Background)Microsomal prostaglandin (PG) E synthase-1 (mPGEs-1) is the enzyme responsible for the second step of Prostaglandin E2 (PGE₂). The expression of mPGEs-1 was observed in various contexts, such as inflammation, fever, pain, female reproduction, and cancer growth. Immune cells, especially regulatory T cells (Tregs) related to cancer growth, tissue repair and angiogenesis. It was reported that PGE₂ modulates Tregs cell function and differentiation.Based on these previous reports, we ypothesized mPGEs-1/PGE₂ axis contribute to wound healing and granulation formation by accumulation of Tregs.

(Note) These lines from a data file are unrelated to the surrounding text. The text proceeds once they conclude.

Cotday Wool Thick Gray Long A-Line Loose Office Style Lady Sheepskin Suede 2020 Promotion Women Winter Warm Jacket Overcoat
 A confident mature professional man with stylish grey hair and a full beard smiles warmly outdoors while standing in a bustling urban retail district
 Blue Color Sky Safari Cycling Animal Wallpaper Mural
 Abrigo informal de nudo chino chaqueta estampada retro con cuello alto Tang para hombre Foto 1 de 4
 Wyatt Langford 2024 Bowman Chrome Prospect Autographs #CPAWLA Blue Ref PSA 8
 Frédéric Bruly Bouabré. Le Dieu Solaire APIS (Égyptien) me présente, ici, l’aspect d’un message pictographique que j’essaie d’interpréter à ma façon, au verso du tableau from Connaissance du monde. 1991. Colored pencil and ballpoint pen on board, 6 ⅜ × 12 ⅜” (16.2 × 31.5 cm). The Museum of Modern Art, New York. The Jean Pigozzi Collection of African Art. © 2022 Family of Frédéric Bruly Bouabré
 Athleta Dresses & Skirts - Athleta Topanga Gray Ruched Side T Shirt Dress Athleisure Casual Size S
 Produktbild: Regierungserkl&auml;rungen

Material and Method) Male 6-8 weeks old C57Bl/6N (wild type=WT) mPGES-1 deficient mice (mPGES-1KO) were used. Polyurethane sponge disks were implanted into dorsal subcutaneous tissue of mice. Angiogenesis was estimated by weight of granulation tissue and the expressions of CD31, VEGF and TGF-beta by immunohistochemical analysis and real time PCR. Contribution of Tregs was estimated by immunohistichemical study and real time PCR against FOXp3 specific transcript factor for Tregs. Involvement of Tregs in granulation formation was analyzed by administration of CD25 antibody or folate receptor 4 (FR4) antibody.
Results) Compared to WT, weight of granulation tissue was significantly suppressed in mPGEs-1KO (P<0.05). Expressions of CD31 and VEGF in the granulation tissues were significantly suppressed in mPGEs-1KO. Expression of FOXp3 in the granulation tissue was significantly suppressed in mPGEs-1KO compared to WT (P<0.05). The numbers of accumulated FOXp3 positive cells around granulation tissue were also impaired in mPGEs-1KO compared to WT (P<0.05). In addition, mRNA and protein expression of TGF-beta were significantly decreased in mPGEs-1KO. WT treated with CD25 antibody or FR4 antibody were significantly suppressed granulation formation compared to IgG treated mice but not in mPGEs-1KO.
Conclusion) These results suggested that mPGEs-1/PGE₂ axis induces angiogenesis and granulation formation by accumulating Tregs.